Downsample above by \(2\). Think of what happens when sizes are even or odd.

\[B \times \lfloor (H-K)/2 \rfloor + 1 \times \lfloor (W-K)/2 \rfloor + 1 \times C_2\]

In general, you want to pad such that \(H-K\) and \(W-K\) are even, so that you keep the right and bottom edge of your images.

Architectures

Max-Pooling Layer

\[B \times H \times W \times C \Rightarrow B \times H' \times W' \times C\]

\[g[b,y,x,c] = \max_{k_y,k_x} f[b,y~s+k_y,x~s+k_x,c_1]\]

For each channel, choose the maximum value in a spatial neighborhood.

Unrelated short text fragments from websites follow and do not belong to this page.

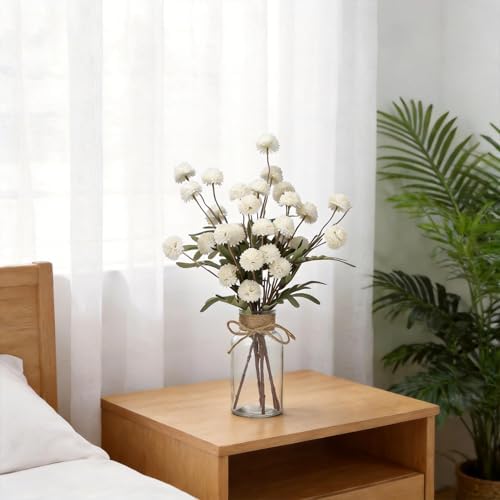6PCS Mums Artificial Flowers with Vase - Small Silk Fake Flowers Suitable for Vase Bedroom Dining Room Living Rooms Decor Home Table Decor - Image 6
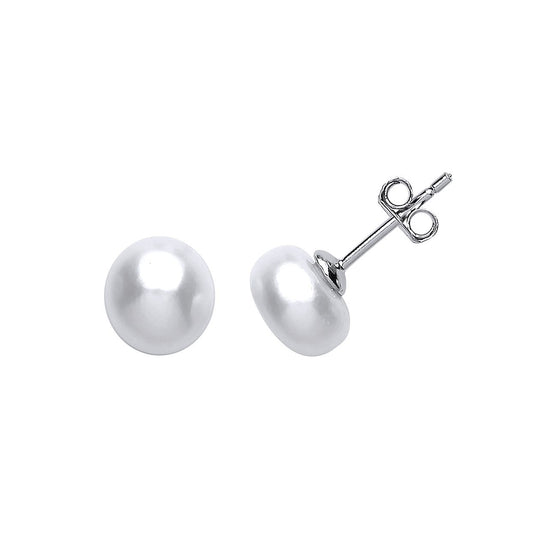 Silver Simulated Pearl Solitaire Stud Earrings 8mm - GVE420-8MM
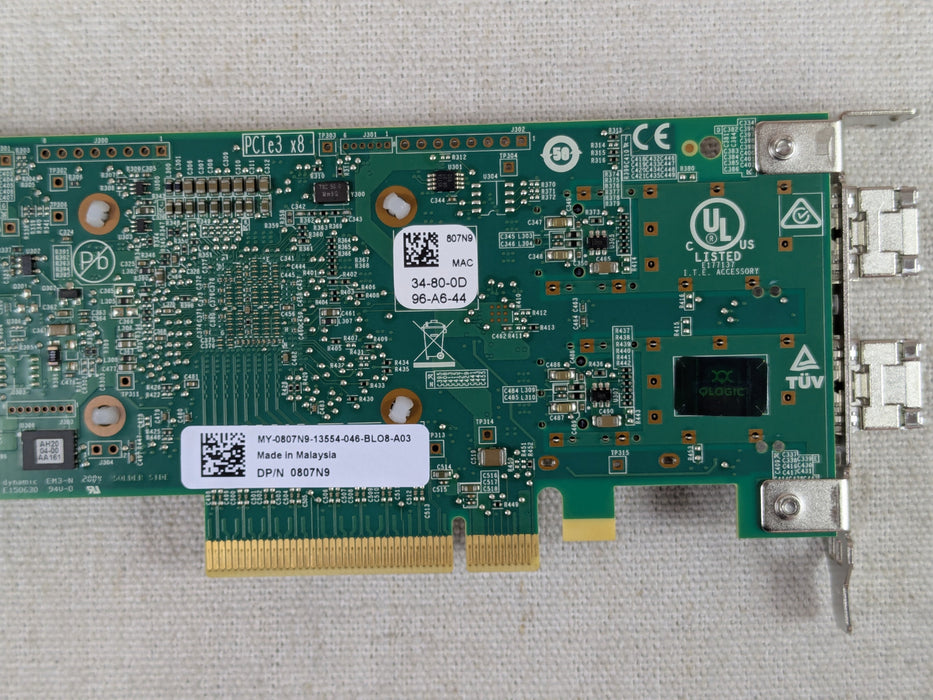 Dell 807N9 Qlogic QL41112 Dual Port 10G SFP+ Network Adapter w/ SFPs Low Profile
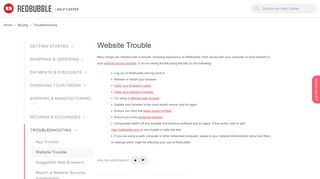 
                            2. Website Trouble – Redbubble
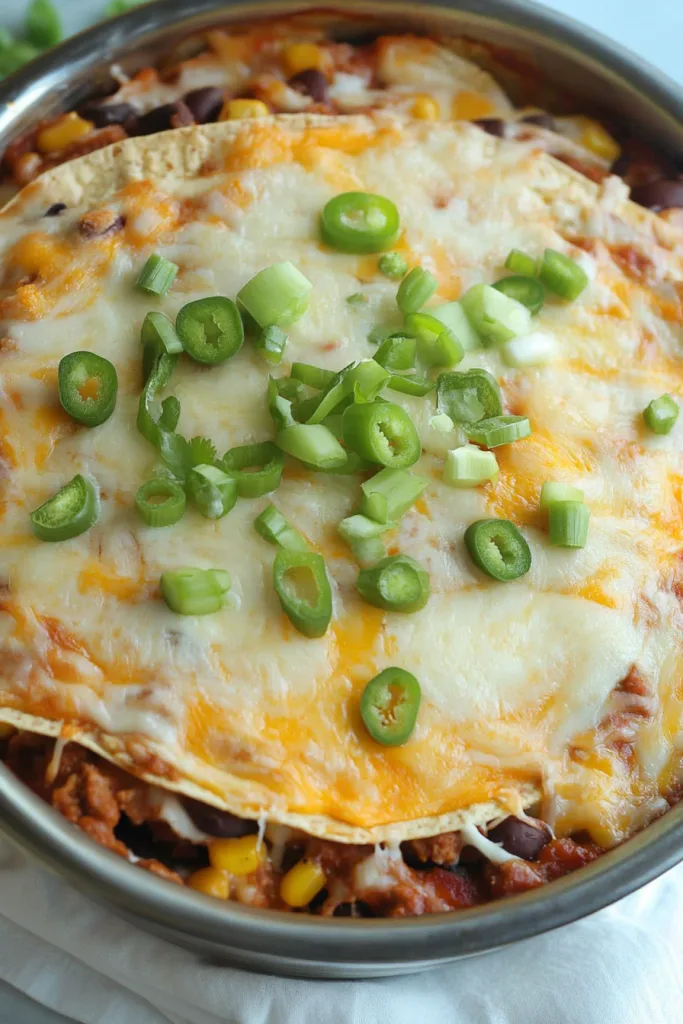 Warm and cheesy Tex-Mex bake garnished with sliced green onions and diced peppers.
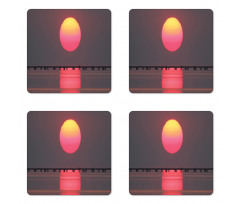 Simple Sunset Scenery Coaster Set Of Four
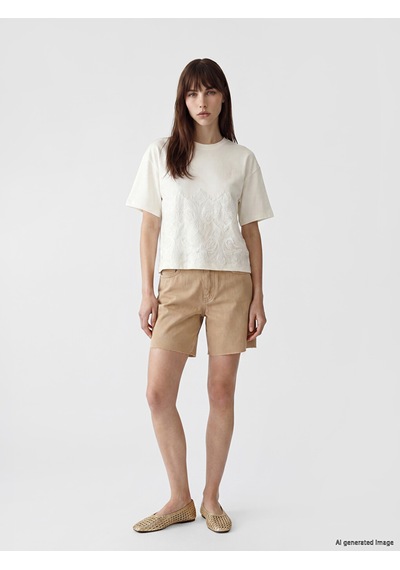 Lcw Vision Ekru Oversize %100 Pamuklu Kadın Tişört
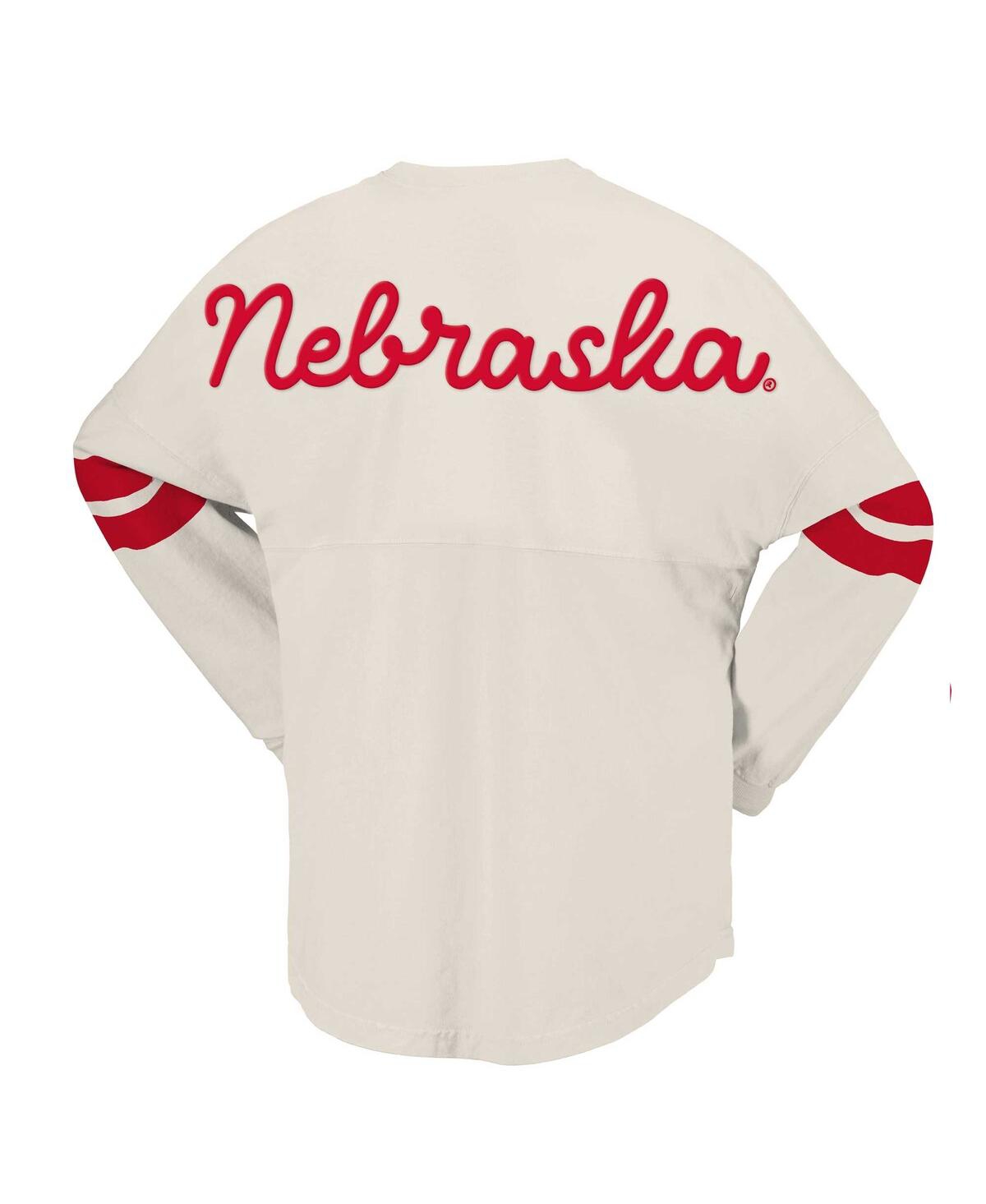 Spirit Jersey Women's Cream Nebraska Huskers Oversized T-shirt In Cream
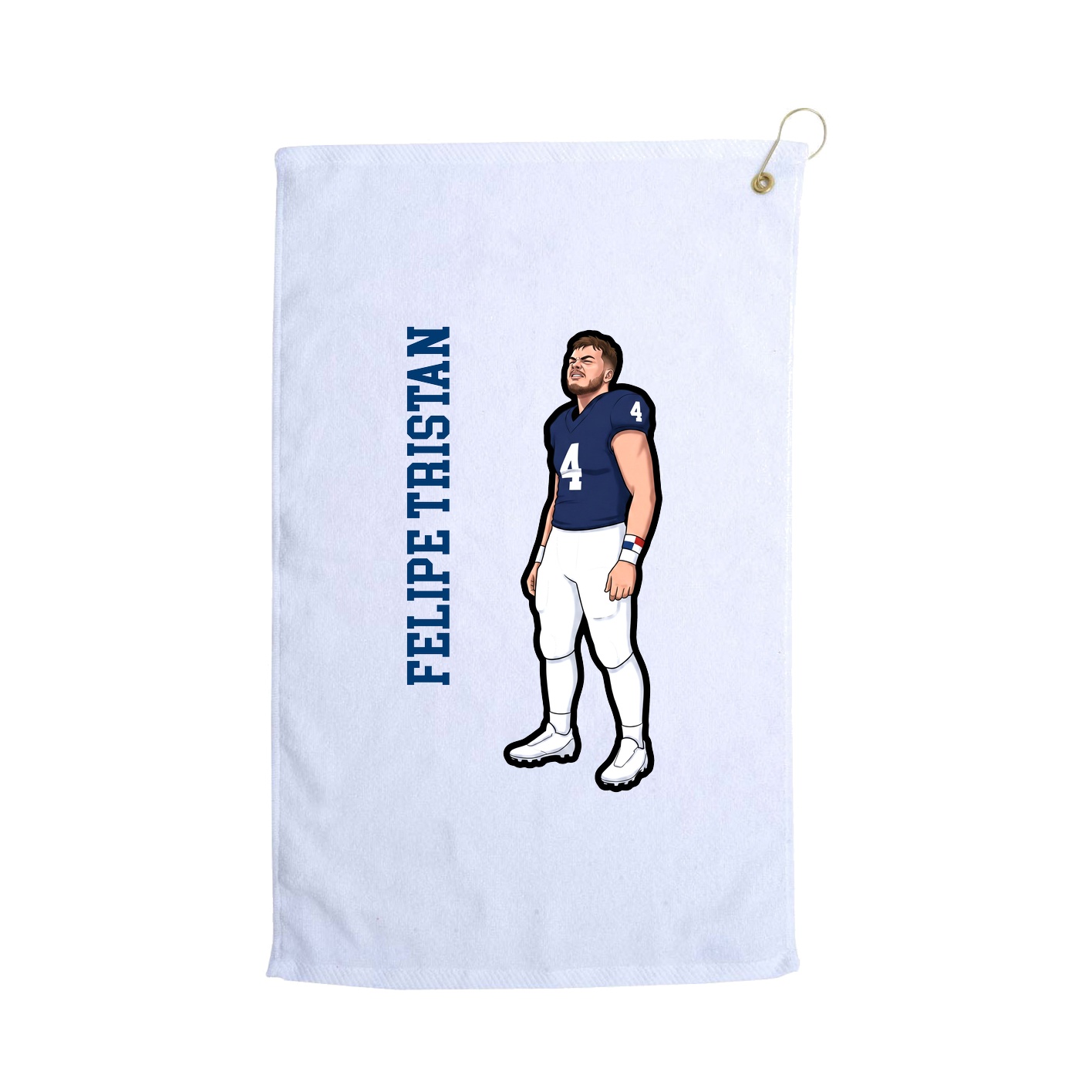 Golf Towel — Name Vertical in White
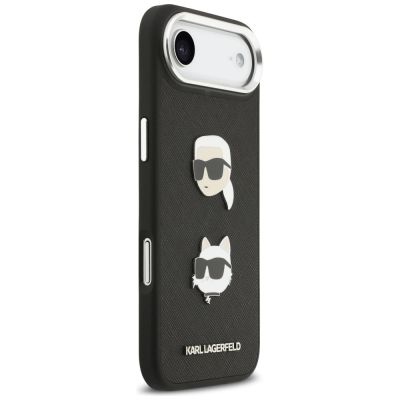 4. Karl Lagerfeld FW Grained Karl & Choupette Heads Pins & Logo iPhone Air Case - Black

  • What will the gradients of this look like ?
  • Motivated by intuition from traditional object recognition (deformable part models). Allows for some 'slack' in exact spatial location.

Architectures

VGG-16

Input is a 224x224x3 Image

  • Block 1
    • 3x3 Conv (Pad 1): 3->64 + RELU (*pad 1 means on all sides, all conv layers have a "bias")

Architectures

VGG-16
Input is a 224x224x3 Image

- Block 1
    - 3x3 Conv (Pad 1): 3->64 + RELU
    - 3x3 Conv (Pad 1): 64->64 + RELU
    - 2x2 Max-Pool (Pad 0, Stride 2): 64->64
Input to Block 2 is 112x112x64 (called pool1)

- Block 2
    - 3x3 Conv (Pad 1): 64->128 + RELU
    - 3x3 Conv (Pad 1): 128->128 + RELU
    - 2x2 Max-Pool (Pad 0, Stride 2): 128->128
Input to Block 3 is 56x56x128 (called pool2)

- Block 3
    - 3x3 Conv (Pad 1): 128->256 + RELU
    - 3x3 Conv (Pad 1): 256->256 + RELU
    - 3x3 Conv (Pad 1): 256->256 + RELU
    - 2x2 Max-Pool (Pad 0, Stride 2): 256->256
Input to Block 4 is 28x28x256 (called pool3)

- Block 4
    - 3x3 Conv (Pad 1): 256->512 + RELU
    - 3x3 Conv (Pad 1): 512->512 + RELU
    - 3x3 Conv (Pad 1): 512->512 + RELU
    - 2x2 Max-Pool (Pad 0, Stride 2): 512->512
Input to Block 5 is 14x14x512 (called pool4)

- Block 5
    - 3x3 Conv (Pad 1): 512->512 + RELU
    - 3x3 Conv (Pad 1): 512->512 + RELU
    - 3x3 Conv (Pad 1): 512->512 + RELU
    - 2x2 Max-Pool (Pad 0, Stride 2): 512->512
Output of Block 5 is 7x7x512 (called pool5)

Architectures

VGG-16
Output of Block 5 is 7x7x512 (called pool5)
- Reshape to a (49*512=25088) dimensional vector (or $B\times 25088$)

- Fully connected (matmul + bias) 25088 -> 4096 + RELU
- Fully connected (matmul + bias) 4096 -> 4096 + RELU
- Fully connected (matmul + bias) 4096 -> 1000

This is the final output that is trained with a softmax + cross entropy.

  • Lots of layers: 138 Million Parameters
  • Compared to previous architectures, used really small conv filters.
    • This has now become standard.
    • Two 3x3 layers is "better" than a single 5x5 layer.
      • More non-linear
      • Fewer independent weights
  • Train this with backprop !
  • Back in the day, would take a week or more.